ABOUT THIS EXERCISE:
Using the entries below, write out the line with "Gillmeria pallidactyla", the line with "Paardenontwerp van Palomino-verf", and every line in between, exactly as each is written.

EXERCISE MATERIAL:
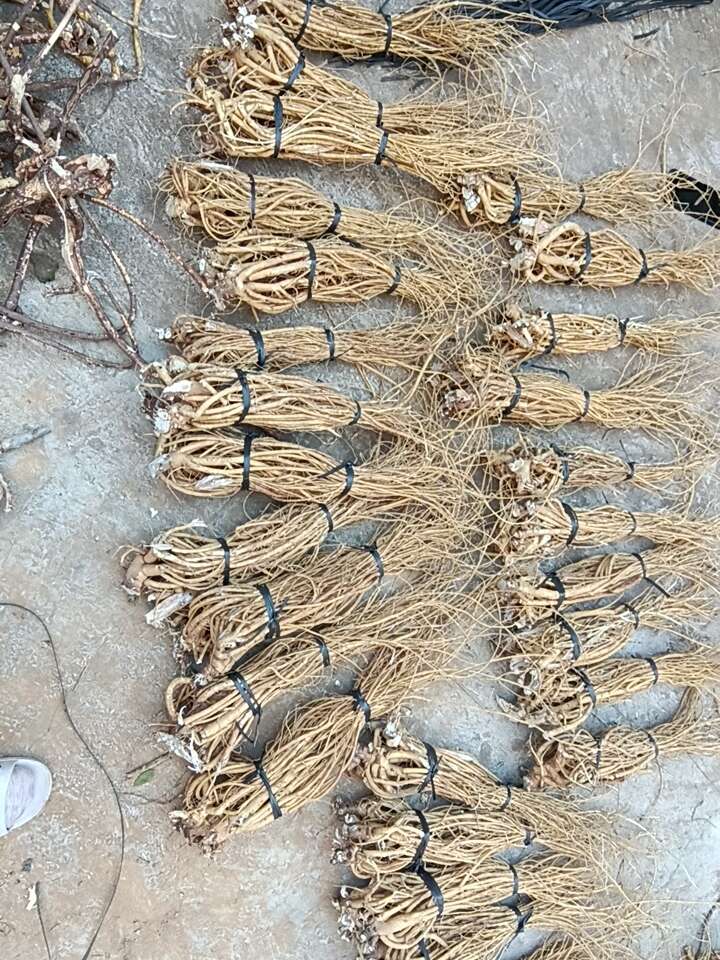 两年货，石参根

--

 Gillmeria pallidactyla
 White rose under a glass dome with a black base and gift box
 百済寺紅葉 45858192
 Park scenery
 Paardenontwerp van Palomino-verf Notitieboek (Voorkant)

OUTPUT OF THE TASK:
 Gillmeria pallidactyla
 White rose under a glass dome with a black base and gift box
 百済寺紅葉 45858192
 Park scenery
 Paardenontwerp van Palomino-verf Notitieboek (Voorkant)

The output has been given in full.